◆ Material for the task
»»

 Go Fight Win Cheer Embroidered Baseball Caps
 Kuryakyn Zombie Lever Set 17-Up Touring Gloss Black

««
»»

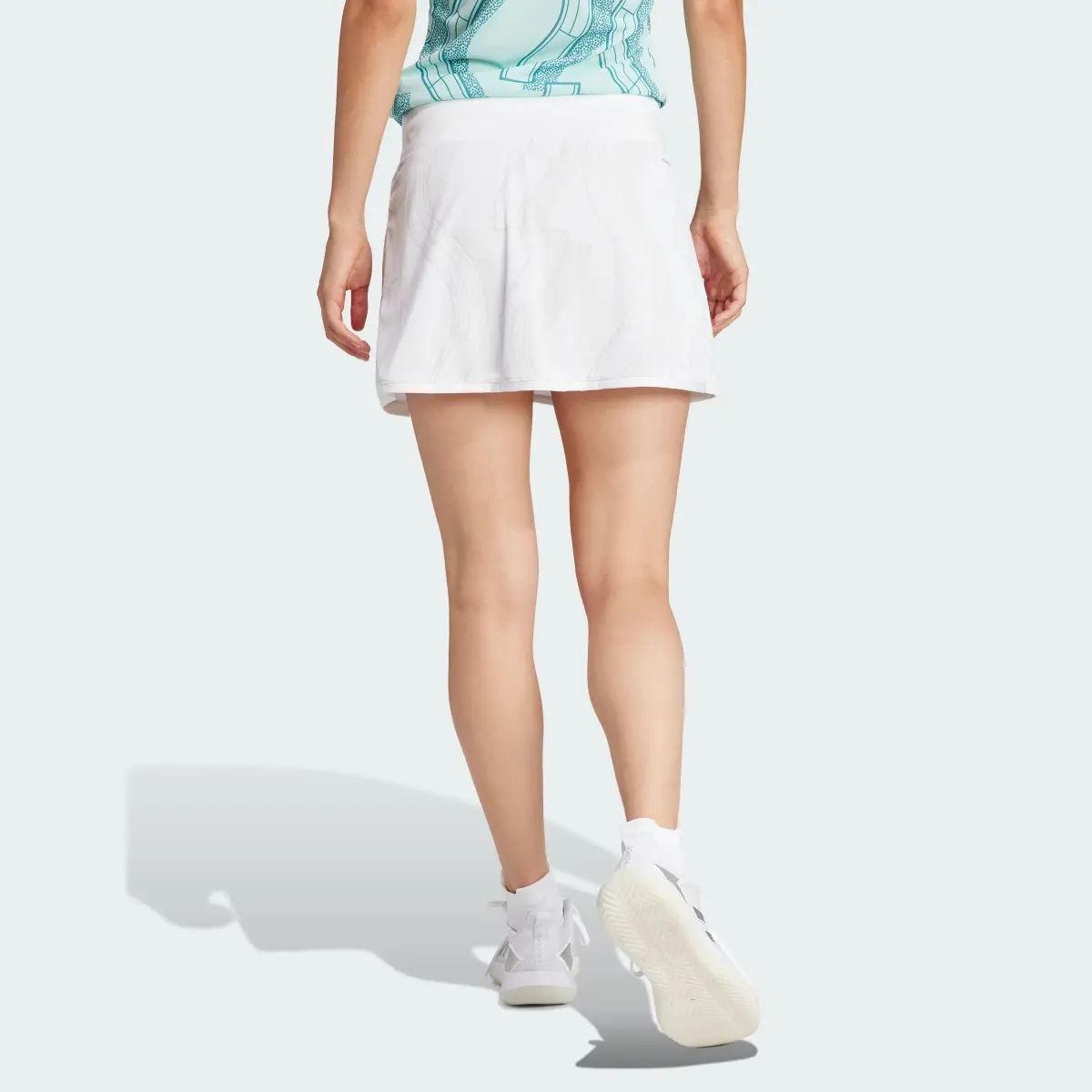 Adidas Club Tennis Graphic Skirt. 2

««

◆ Task to carry out
In the listing above, find the line with "Go Fight Win Cheer Embroidered Baseball Caps" and the line with "Kuryakyn Zombie Lever", then reproduce both and every line between them exactly.

◆ Answer to this exercise
 Go Fight Win Cheer Embroidered Baseball Caps
 Kuryakyn Zombie Lever Set 17-Up Touring Gloss Black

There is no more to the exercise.